Limping through authentication just far enough to analyse number of tracks on the soundtrack to my life playlists over the last couple of years
It occurs1 to me that I now have a dataset of playlists in Spotify , and this dataset is, for a data scientist, astonishingly corrupted. If I cannot access anything else data-wise, I can do a string analysis of the names of my playlists and could blogpost on how many mistakes I made with them alone.
For twenty years, my primary income was music. I’ve variously substituted this income with roles in scientific programming over the last decade, transitioning into a fulltime career when I completed my doctorate a year ago. My outlet for the music that used to dominate my life, especially moving countries without a piano, are my Spotify playlists.
Music is a constant soundtrack to my life; I’m a High Fidelity grrl living a future-noir musical in my head, dancing on the metro around Copenhagen like no one can see.

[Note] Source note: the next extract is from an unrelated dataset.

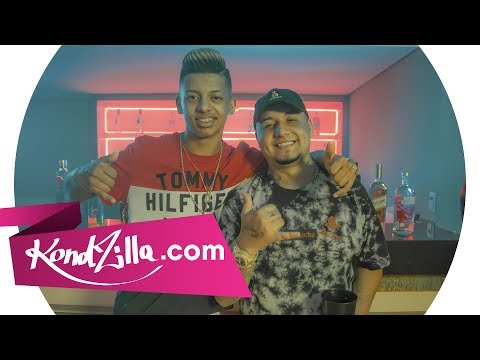 MC Levin E DJ Gege Sua Amiga Eu Vou Sarrar Kondzilla Com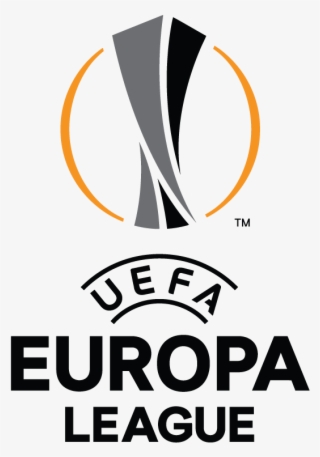 The Exhibition Features Jerseys Of All Winning Clubs - Uefa Europa League Logo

I have two soundtrack to my life playlists for different purposes at all times, but regularly create new soundtracks to life, at the moment it is every season.
# set up playlist dataset
categories <-
tibble(
in_this_post = c('lw', 'mct'),
playlist = c(
"lifes::work",
"maybe i'll code today"
),
purpose = c(
"scientific programming, inspired",
"scientific programming when feeling unproductive or sad and travelling about Copenhagen on the magic carpet transport system"
)
)
gt(categories)
in_this_post | playlist | purpose |
---|---|---|
lw | lifes::work | scientific programming, inspired |
mct | maybe i'll code today | scientific programming when feeling unproductive or sad and travelling about Copenhagen on the magic carpet transport system |
I shall begin this analysis as I begin every new type of analysis, by asking the internet how to do it.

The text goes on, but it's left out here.